1. ## need help!

ok i dont know how to solve this problem but i got this far and idk what to do next ok here is the question:
For which integers are 4x-6 divisible by 14?

how far i got
4x-6== 0 (mod 14)
4x==6 (mod 14)
and now im clueless what to do next

2. ## Re: need help!

Hello, Petrus!

Here's a rather primitive solution.

$\displaystyle \text{For which integers is }4x-6\text{ divisible by 14?}$

$\displaystyle \text{We want: }\,4x-6 \:=\:14a\,\text{ for some integer }a.$

$\displaystyle \text{Solve for }x\!:\;\;x \:=\:\frac{7a + 3}{2} \quad\Rightarrow\quad x \:=\:3a + 1 + \frac{a+1}{2}\;\;[1]$

$\displaystyle \text{Since }x\text{ is an integer, }(a+1)\text{ is even . . . }\:a\text{ is odd.}$
. . $\displaystyle \text{That is, }\,a \:=\:2k-1,\,\text{ for some integer }k.$

$\displaystyle \text{Substitute into [1]; }\:x \;=\;3(2k-1) + 1 + \frac{(2k-1)+1}{2}$

$\displaystyle \text{Therefore: }\:x \:=\:7k-2\,\text{ for any integer }k.$

3. ## Re: need help!

is it any other way to solve it with using (mod 14) thats how we should solve it

4. ## Re: need help!

Well, there is always "brute strength"- 4(1)= 4, 4(2)= 8, 4(3)= 12, 4(4)= 16= 2 (mod 14), 4(5)= 20= 6 (mod 14)- Aha! But we don't want to stop there:
4(6)= 24= 10 (mod 14), 4(7)= 28= 0 (mod 14), 4(8)= 32= 4 (mod 14), 4(9)= 36= 8 (mod 14), 4(10)= 40= 12 (mod 14), 4(11)= 44= 2 (mod 14), 4(12)= 48= 6 (mod 14)!!, 4(13)= 52= 10 (mod 14). So we have two solutions, mod 14: 5 and 12. Of course, because those are modulo 14, the equation is satisfied by those plus any multiple of 14: 5+ 14i, and 12+ 14j.

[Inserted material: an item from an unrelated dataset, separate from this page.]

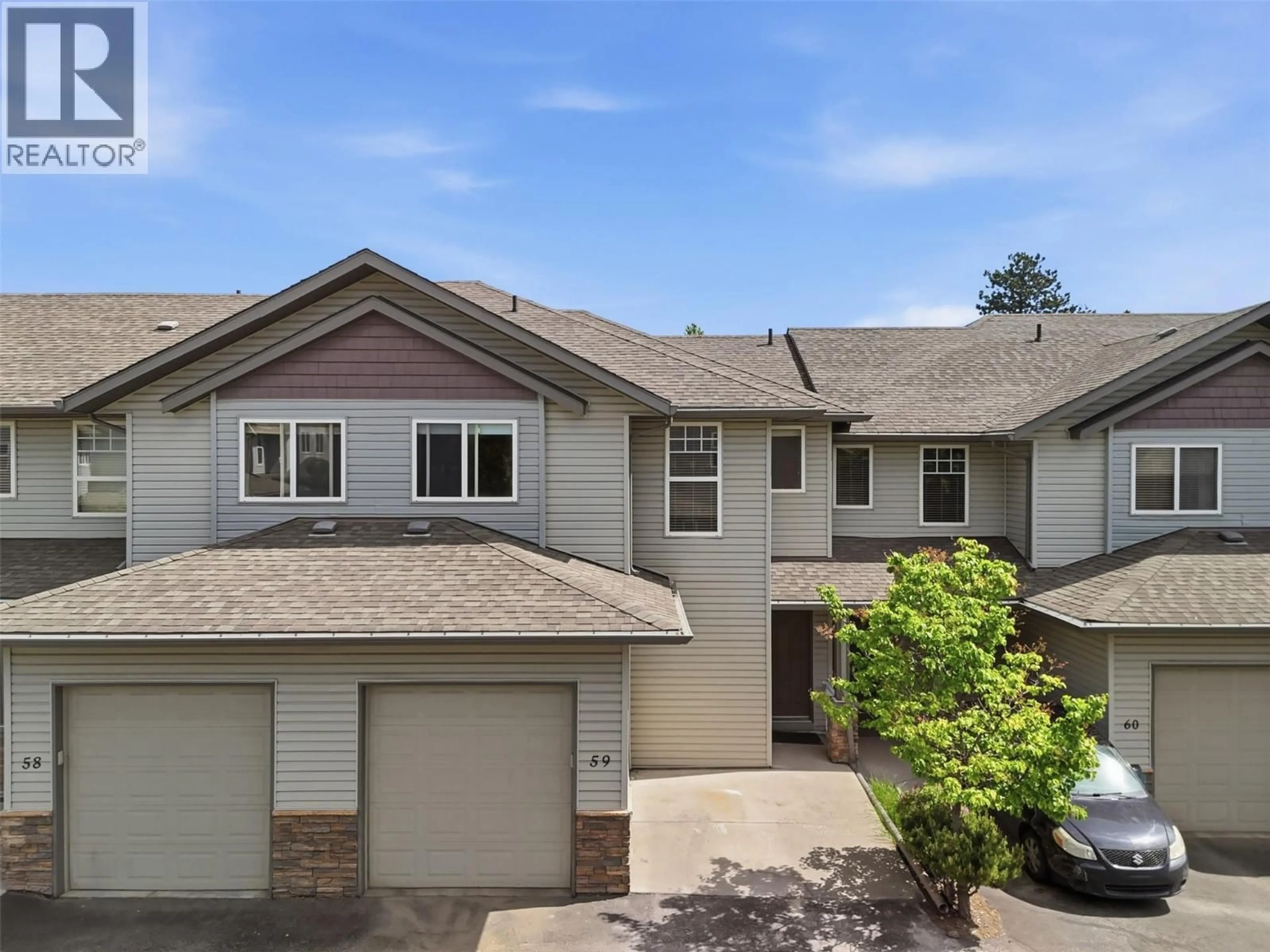 A pic from outside/outdoor area/front of a property/back of a property/a pic from drone, street for 59 - 2046 ROBSON PLACE, Kamloops British Columbia V2E0A5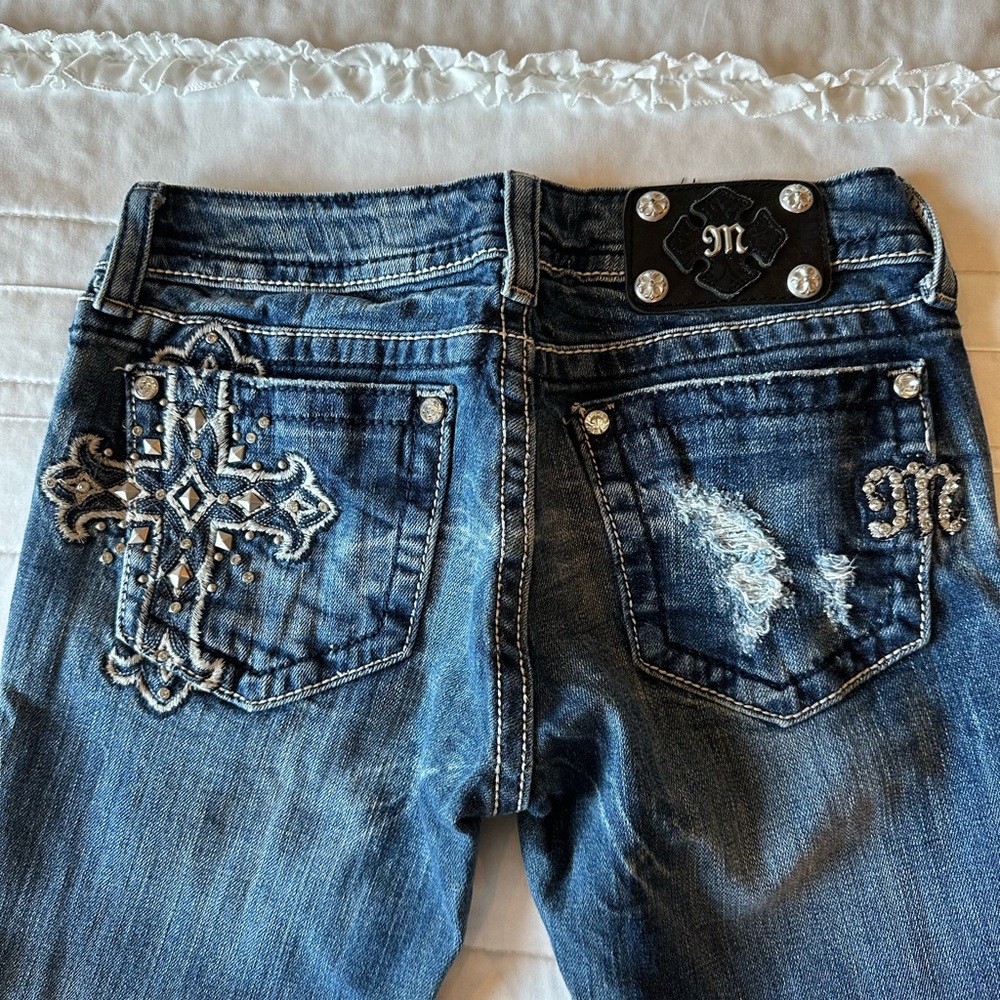 Miss Me Distressed Blue Boot Cut Jeans with Embellishments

The first, 5+ 14i is is equivalent to Soroban's 7k- 2 for k odd and 12+ 14j to 7k- 2 for k even.

A bit more formal method is to say the 4x= 6 (mod 14) means that there exist an integer n such that 4x= 6+ 14n which is the same as 2x= 3+ 7m or 2x- 7n= 3. Now, because 2 and 7 are "relatively prime" we can use Euclid's algorithm: 2 divides into 7 three times with remainder 1 so (1)7- (3)2= 1. Multiplying both sides by 3, (3)7- (9)2= 2(-9)- 7(-3)= 3. That is, x= -9 and n= -3 is a solution to that equation. Of course, x= -9+ 7i, n= -3+ 2i also satisfies that equation: 2(-9+ 7i)- 7(-3+ 2i)= -18+ 14i+ 21- 14i= 3 for all i. Replacing "i" with "k+ 1" gives x= -9+ 7(k+ 1)= -9+ 7k+7= -2+ 7k, Soroban's answer.